At the end of last week, uncertainty lingered over when — or if — the camp would come to Georgetown this year. Residents were excited to welcome back the event, a late-summer mainstay for 15 years.
"I'm sure the city in general has just breathed a sigh of relief," Georgetown Mayor Everette Varney said. "If they didn't come, it would have been a huge hit for the college. Not only the revenue, but the recognition of having Georgetown's name on the national spotlight."
Bengals spokesman Jack Brennan said owner Mike Brown and head coach Marvin Lewis will hold a press conference at 11:30 a.m. Tuesday to announce when the team plans to arrive at Georgetown and start training camp.
Stacey Varney, the mayor's daughter and training camp director for Georgetown College, said the team will start moving practice and video equipment to Georgetown on Tuesday.

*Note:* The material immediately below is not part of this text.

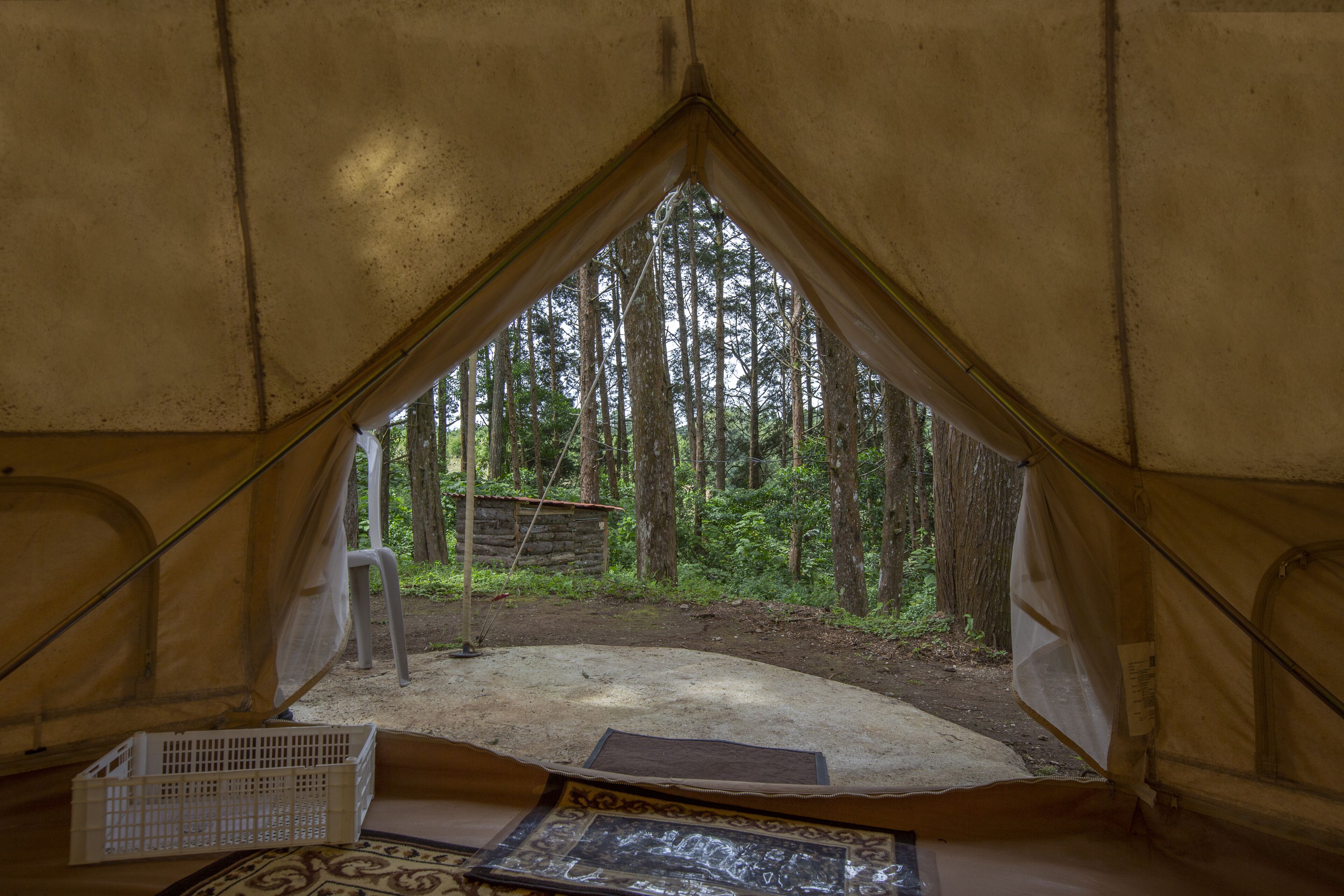 1 bedroom, down comforters, bed sheets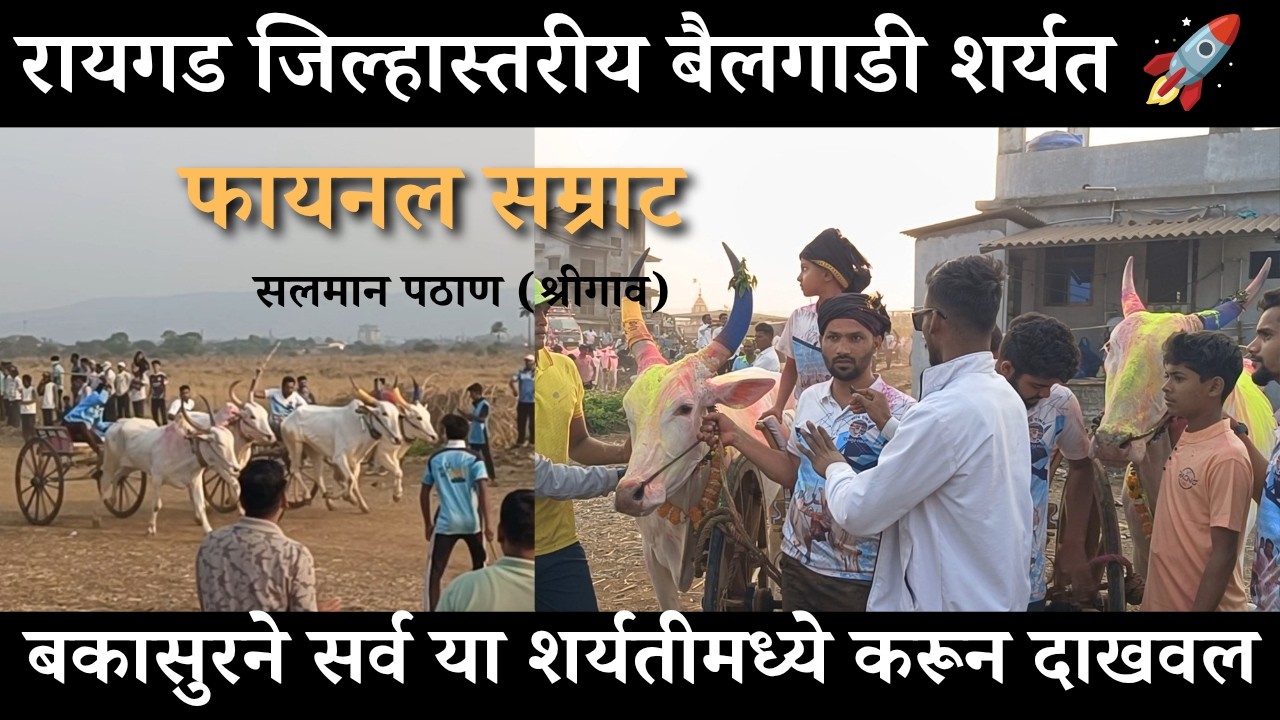 फायनलचे पहिल मानकरी सलमान पठाण (श्रीगाव) 📍 रायगड जिल्हास्तरीय बैलगाडी शर्यत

But no matter when they start, Georgetown will be ready for them.
"It is really an exciting time," said Jack Conner, executive director of Georgetown's Chamber of Commerce. "Only 32 cities get to host NFL training camps, and we're one of those. You get to see new people, and our restaurants and convenience stores do a lot of business. The downtown area comes alive, especially during the lunch hour."
The news made its way to Fava's Restaurant owner Jeni Gruchow, who is getting ready to make "Bengal Burgers," served with "curly tiger tail" fries.
"We only serve those when they're here," Gruchow said of the Bengals. "I'm just glad they're coming. We see a lot of business when they're here, so I'm excited, and excited for Georgetown.
"We usually see a pick-up (in business) the first week they're here."
Virtually all of the restaurants in the downtown area and around the city experience large economic boosts during the three weeks that the team is in town, Varney said.
Conner said the exciting atmosphere that's created during the Bengals' camp is irreplacable and makes an impression on visitors, which bodes well for the future.
"Because of the exposure, we do see people that come back because of the quaintness of the community," Conner said. "What we look for in the community is opportunity. What we have — now that they're coming — is opportunity to showcase our community, allow the fans to see the community. And it allows us to benefit economically."